Partial rendering performance in Rails
Some numbers about rendering times with different techniques
I see often that people are not aware of the importance of rendering views, and especially partials, in the proper way in Rails. I will now show you the different approaches with relative numbers, which too often are missing in blog posts about this topic.
Avoid N+1 Queries
That’s the first, very important topic: N+1 queries. Avoid them! Don’t let them go through your code because they will inevitably make it slower, and all other performance optimisations would just be useless if you have an N+1 query.
Let’s take a very simple example:
<% @users.each do |user| %>
<div class="post">
<%= user.post.title %>
</div>
<% end %>
We are iterating over a list of users, each one of them as a post. Easy.
Now, I will run my tests with 1'000 users and assign the users with
assign(:users, User.all)
in my test. Result?
Warming up — — — — — — — — — — — — — — — — — — —
with N+1 1.000 i/100ms
Calculating — — — — — — — — — — — — — — — — — — -
with N+1 0.291 (± 0.0%) i/s — 2.000 in 7.158333s
we are able to render 0.291 of those views in a second. That’s pretty bad, so the first thing to do is to solve the N+1 query generated by our view, that for each iteration performs a select on the DB to retrieve the post of the user.
To solve it now and, mainly, from now on, we’ll introduce Bullet. I ❤️ Bullet and I prefer it to Goldiloader for three main reasons:
- Bullet doesn’t change your code automatically, without asking for permissions
- Bullet doesn’t run in production
- Bullet helps you understand and identifying the N+1 queries, it doesn’t hide them
Add Bullet to your Gemfile and configure it for your test environment to raise an exception in case it identifies an N+1 query, so that you are forced to solve it.
# app/config/environments/test.rbconfig.after_initialize do
Bullet.enable = true
Bullet.bullet_logger = true
Bullet.raise = true
end
If we run the test again, Bullet will tell us everything we want to know and make our tests fail:
Bullet::Notification::UnoptimizedQueryError:
USE eager loading detected
User => [:post]
Add to your finder: :includes => [:post]
So, we can now change our assignment to
assign(:users, User.includes(:post))
and our results get better and ~7x faster!
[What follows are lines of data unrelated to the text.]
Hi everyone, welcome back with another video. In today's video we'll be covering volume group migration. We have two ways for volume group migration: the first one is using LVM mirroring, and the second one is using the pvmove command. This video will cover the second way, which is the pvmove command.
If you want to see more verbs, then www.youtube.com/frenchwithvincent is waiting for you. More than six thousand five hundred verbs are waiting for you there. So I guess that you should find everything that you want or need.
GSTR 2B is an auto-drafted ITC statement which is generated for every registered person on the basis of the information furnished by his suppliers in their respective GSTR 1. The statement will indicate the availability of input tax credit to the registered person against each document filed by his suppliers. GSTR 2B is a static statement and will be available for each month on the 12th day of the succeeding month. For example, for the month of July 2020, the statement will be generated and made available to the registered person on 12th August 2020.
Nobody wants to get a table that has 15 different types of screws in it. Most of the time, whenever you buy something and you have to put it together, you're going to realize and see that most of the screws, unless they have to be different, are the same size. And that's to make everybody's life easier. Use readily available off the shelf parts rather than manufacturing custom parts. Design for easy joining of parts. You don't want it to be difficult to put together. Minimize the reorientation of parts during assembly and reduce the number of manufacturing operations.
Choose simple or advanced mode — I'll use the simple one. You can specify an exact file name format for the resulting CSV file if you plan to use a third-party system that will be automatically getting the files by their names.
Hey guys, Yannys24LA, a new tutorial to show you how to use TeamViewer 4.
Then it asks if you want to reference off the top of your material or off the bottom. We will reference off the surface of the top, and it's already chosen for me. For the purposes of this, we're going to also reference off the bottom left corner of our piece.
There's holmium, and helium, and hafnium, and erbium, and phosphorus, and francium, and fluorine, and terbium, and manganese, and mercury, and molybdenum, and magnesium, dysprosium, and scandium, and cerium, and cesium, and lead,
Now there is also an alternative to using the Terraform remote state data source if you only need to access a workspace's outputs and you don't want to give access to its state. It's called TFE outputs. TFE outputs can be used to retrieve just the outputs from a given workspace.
Warming up --------------------------------------
with N+1 1.000 i/100ms
without N+1 1.000 i/100ms
Calculating -------------------------------------
with N+1 1.539 (± 0.0%) i/s - 8.000 in 5.305367s
without N+1 10.479 (± 9.5%) i/s - 52.000 in 5.057764sComparison:
without N+1: 10.5 i/s
with N+1: 1.5 i/s - 6.81x slower
Partials rendering
Let’s get to the most important part of this post: the usage of partials. We decide to refactor our code and extract a partial to render each single post. I think that’s a great idea but there is one way you can do that really bad and is the following:
- extract the partial:
<div class="post">
<%= user.post.title %>
</div>
2. render it:
<% @users.each do |user| %>
<%= render 'erb_partials/post', user: user %>
<% end %>
And here are the numbers:
Warming up — — — — — — — — — — — — — — — — — — —
inline 1.000 i/100ms
partial 1.000 i/100ms
Calculating — — — — — — — — — — — — — — — — — — -
inline 11.776 (± 8.5%) i/s — 59.000 in 5.085002s
partial 5.648 (±17.7%) i/s — 28.000 in 5.043322sComparison:
inline: 11.8 i/s
partial: 5.6 i/s — 2.09x slower
Great! We just made our code 2 times slower. That’s because we are iterating the rendering of the partial. For each user, Rails needs to “open” the partial and evaluate it. The solution? Use collections.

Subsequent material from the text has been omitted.